Celebrating Git's 20th anniversary with creator Linus Torvalds

The Git version control system was first released on April 7, 2005, by the father of the Linux kernel, Linus Torvalds. To mark the 20th anniversary of this important project that is nowadays used by almost every single developer, I interviewed Linus about the history of Git, why he handed over maintainership of Git, and what he considers to be its most important milestones.

In 2005, you were already the maintainer of the thriving Linux kernel. Why did you decide to start a new version control system?

So, I got into it from really despising version control.

I had used the traditional version control systems (CVS/RCS/SCCS) both as an end user (i.e., tracking open source projects like GCC) and as a developer (we used CVS at Transmeta for everything) and absolutely hated the experience with a passion.

And yes, back then most projects that used CVS had probably moved to SVN, but honestly, I always felt that SVN was just "lipstick on a pig." It was just CVS in another form, with some UI improvements, but none of the fundamentals fixed, and a few new problems added.

The problems with CVS and its ilk are too many to even list, and, happily, they have largely become irrelevant and younger developers have probably never even had to deal with any of it. I absolutely refused to deal with it for the kernel, even though a few subsystems (notably the networking side) were actually using CVS to track their code back in the '90s.

Anyway, back then I lived in the Bay Area, and Larry McVoy, who I knew from other projects (mainly lmbench), had started BitMover, which had a new version control model called BitKeeper, or BK, for short.

BK wasn't open source, but Larry liked open source projects and really felt that the lack of version control was holding the kernel back. He wasn't wrong, but the traditional source code managers (SCMs) really didn't work for me at all. Larry spent some time showing me and David Miller (networking maintainer and existing CVS user) what BitKeeper could do.

BK wasn't perfect, and it was based on Source Code Control System (SCCS) like so many other traditional SCMs were, and thus had the same broken "history per file" model that everybody else had, and that causes huge and fundamental issues with file renaming and deletion.

But BK also wasn't just that "lipstick" thing. It may have used SCCS at a low level, but on a higher level it fixed some really fundamental things, and did proper distributed development, and had a real global – not per-file – history that made merging code from different trees actually work.

With CVS, creating branches and merging them was something you had to plan and discuss with people, and were major events. With BK, every repository was a branch. We take that for granted now, and Git obviously took it much further by having many branches per repository, but even the much more limited BK model was really a big deal at the time.

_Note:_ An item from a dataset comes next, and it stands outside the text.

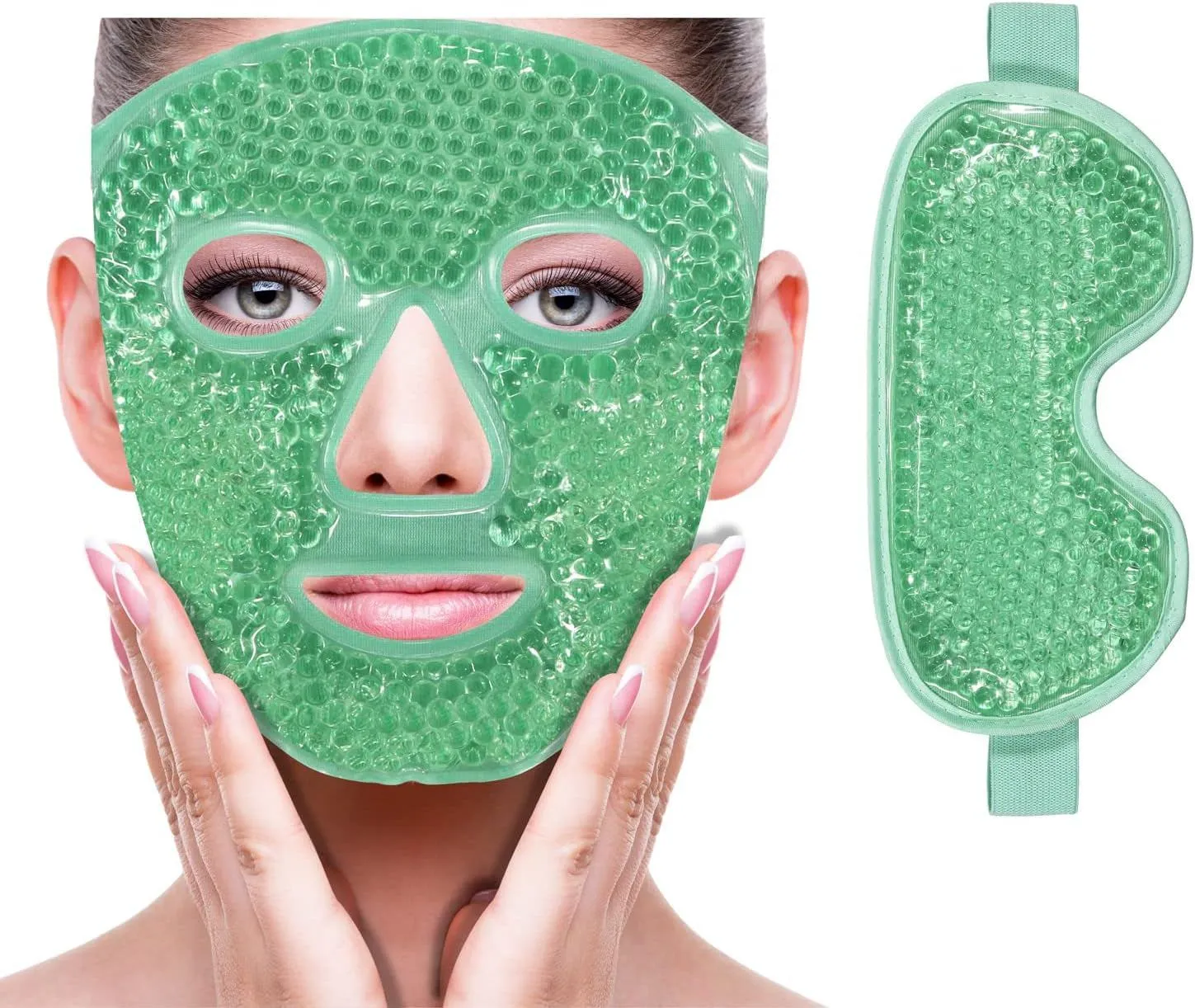 Cold Face Eye Mask Ice Pack Reduce Face Puff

Again, BK wasn't perfect. As mentioned, it did do per-file history, which really is a big fundamental problem that makes renaming and file merging simply not work reliably, and inevitably causes chaos and pain (for CVS people, think Attic, shudder). And it had some scalability issues, too, but those took a while to become more than a bit problematic.

But the biggest problem with BK was the licensing, and while over the years (we used BK from 2002 to 2005) a lot of kernel maintainers did end up switching over to it, it was always a bit of a friction point. And that friction came to a head in late 2004, and the use of BK for the kernel basically became untenable a few months later.

I was in the situation that for three years I'd finally used source control that worked, and it really had solved a lot of problems. There was no way I was going back to the days before source control, but in the years we'd been using BK, nothing better had really come out of the open source community.

Sure, people knew that CVS and SVN didn't work well, and there were projects that tried alternate approaches, but some of those approaches were even worse (basically amounting to "fancy patch tracking"), or had some good ideas but in the process making up some entirely new horrible design mistakes (Monotone).

So, I looked around for a while, and decided that I didn't have any options – I had to write my own.

Now, technically, it actually did take only a few days to make the first version of Git, and hey, it's all there in the Git commit history. It's easy enough to see how it goes from pretty much zero to being usable enough that I started applying patches from others a week later (and being actively used for the kernel a few days after that).

But that ignores the fact that I had been thinking about the problem for a while by then. Writing code is easy. Getting a good design is what matters. So there was a fair amount of background to those few days that is pretty important, and that part doesn't show up in the history.

And hey, that first version was very, very rough, and didn't do a lot that was to come later. But you can definitely already see much of the core design in those first few days.

Can you give us a short recount of the first days and weeks of how the Git project was started?

I had basically decided that I will stop kernel development until I had an alternative that worked for me. The main goals were to be distributed and high performance, and be something you could absolutely rely on to catch any corruption.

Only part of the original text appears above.